Though we cannot change that element which is inherent in our nature any more than the Jews can change theirs, yet an understanding of it makes all the difference; and we can certainly change those elements which are inherent in our wills.

The proof of this is that in the long story of the relations between the two races, there have been, in various times and places, those exceptional chapters of calm to which I have alluded on an earlier page, and these could not have been maintained had not the causes of friction been modified on either side, but especially upon ours.

All that cause of friction which arises from the mere contrast of character may be set down very briefly. It is included in what has just been said on the general causes, the difference in nature between the Jews and ourselves. If their form of courage, their form of generosity, their form of loyalty is, as it is, of a different quality from ours; if their defects show the same difference of quality or colour; if we perpetually feel, as we do feel, the friction caused by this contrast, so do they, presumably, feel a corresponding friction in their dealings with us. We shall neither of us be able to change that state of affairs. We must admit it, and we must try to understand its nature.
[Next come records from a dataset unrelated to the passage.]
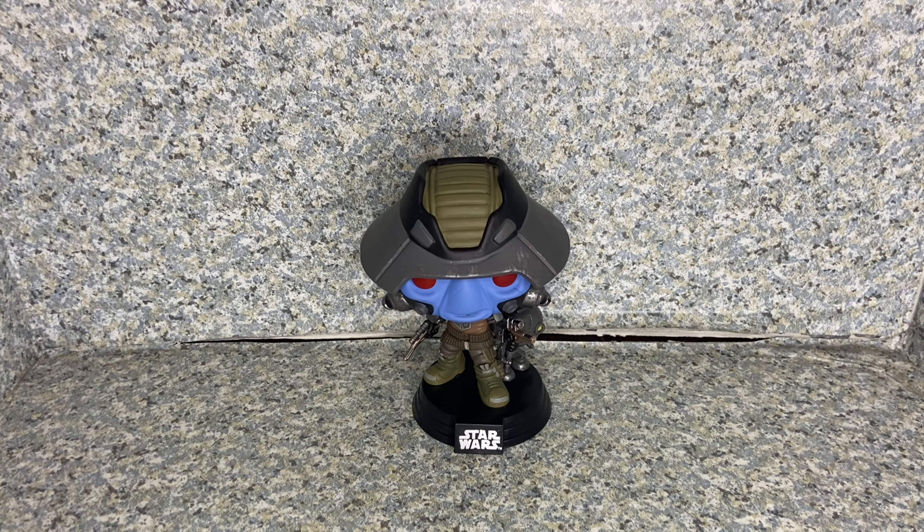It is exclusively a New York Comic-Con exclusive, which is a shared exclusive to Target. Luckily, I went to Target and found this guy, and I'm very happy to have him in my collection.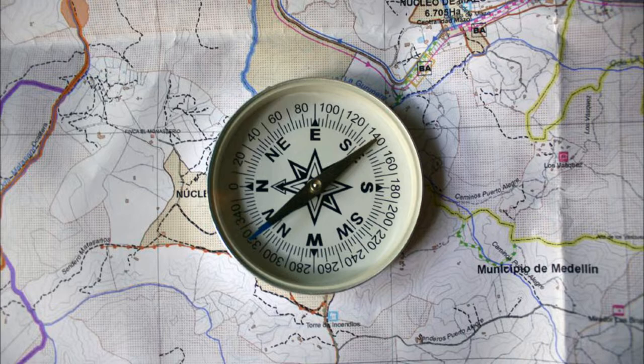The compass is a tool used to indicate direction, which is widely used in various direction judgments, such as sailing guide, field exploration, geolocation, urban road navigation, map reading, and other fields.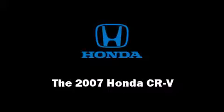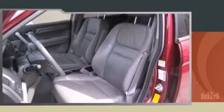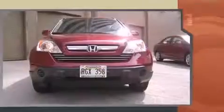Take command of the road in the 2007 Honda CR-V. With fewer than 45,000 miles on the odometer, this four-door sport utility vehicle prioritizes comfort, safety, and convenience.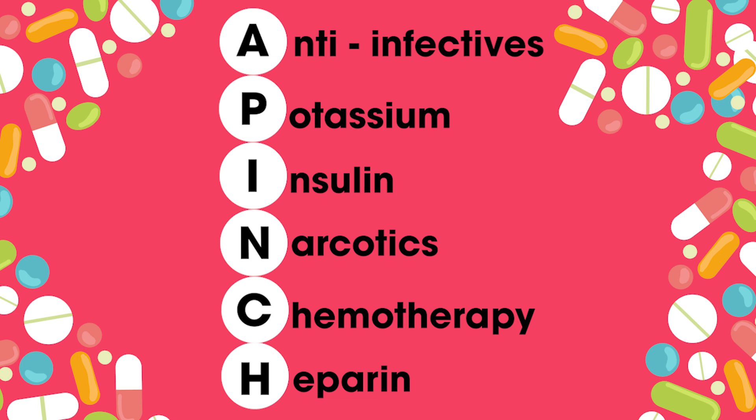A-PINCH is a national medication strategy to try and prevent medication errors that occur within these high-risk medications that you can see on the screen now.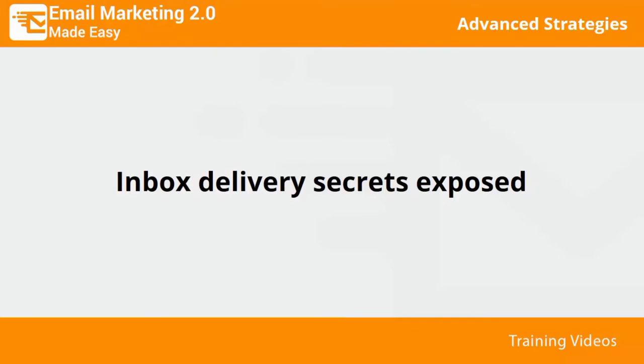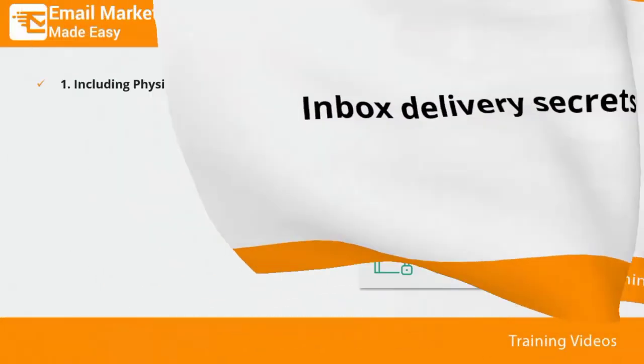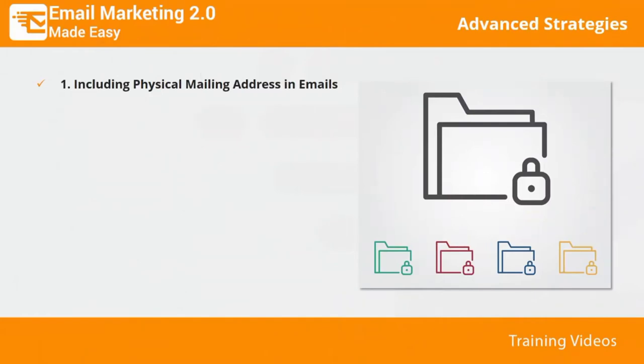Great inbox delivery is not only a matter of sending your emails to see who gets them and who does not. Successful email delivery rates depend on a lot of factors that can sometimes escape your knowledge, and that is why we are going to teach you the secrets for achieving great inbox delivery rates.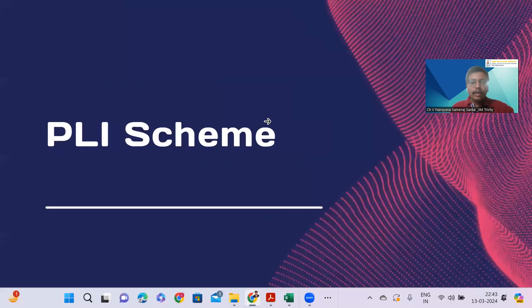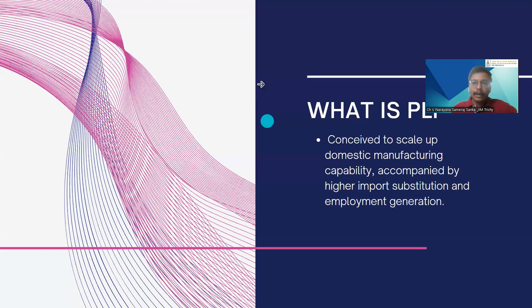Hello everyone. This is Narayan. Today, I would like to discuss a few points about the PLI scheme. PLI scheme is a product-linked incentive scheme that was started in March 2020 by the government of India. Let us see the features of the PLI scheme.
Above all, we must not take it for granted that a difference from ourselves is in itself an evil in another. That is a point to be insisted upon. When we are dealing with inanimate nature, or with unintelligent animate nature, we do not ascribe motive, for there is no motive to ascribe. A man does not go about with bitterness in his heart against wasps, though the purpose of the wasp is very different from the purpose of the man and their interests clash. He does not call the wasp wicked, nor, save as a relief to his feelings, give it moral names. He does not condemn the wasp. Still less does he condemn all wasps, or anything else in nature around him that works against his interest. But when he has to deal with other human beings, man at once begins to ascribe a motive. He must do so, because he knows that motive is the spring of all human action, including his own. When that motive differs from his, contrasts with his and is therefore in any degree inimical to his, he is inclined to ascribe an evil motive. All that is a truism as old as the hills.
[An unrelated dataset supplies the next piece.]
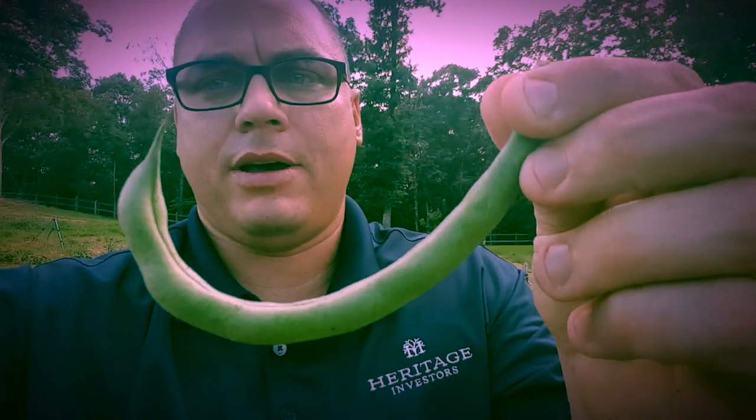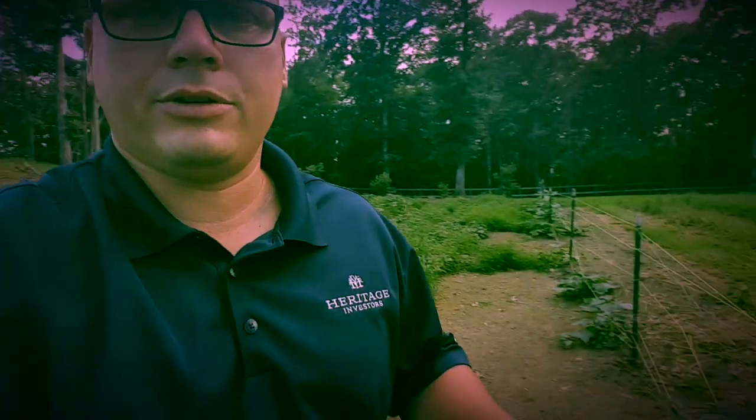Coming down to the stuff that my wife loves - the green beans. We've got weeds everywhere through the green beans, but we've already picked probably two five-gallon bucketfuls. Here's a green bean right here - I mean you can't do any better than that. That's a great stringless green bean and they're everywhere, so we're gonna finish those up this week.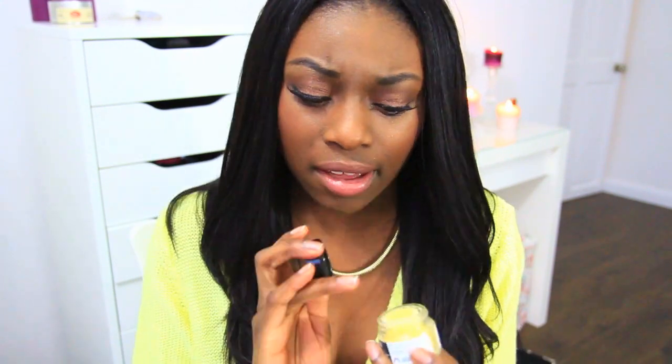I also bought from Lush this popcorn lip scrub. We ended up getting loads of people products from Lush because they've got some great stuff. I've been suffering from really dry lips over the winter — it's been absolutely nuts. So I bought the lip scrub to use and then moisturize, and hopefully come up with a new lip regime. If you guys want to see a lip regime video, let me know because I could probably do one.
If you have not to live with those who thus differ from you there is no great harm done, but if you have to accept them as part of your life, it is a different matter. It is then essential to the order of the State that this illusion of directly antagonistic motive should be watched and restrained.

But all this concerns rather our duty in the matter than the mere cause of friction.

The first cause of friction is that contrast which is the same whether we describe it from the alien’s point of view, as has just been done, or from our own.

The causes of friction which lie within the province of the will, and which are, therefore, directly a matter for reform, are of another kind. The first of them undoubtedly is our disingenuousness in our dealings with the Jew.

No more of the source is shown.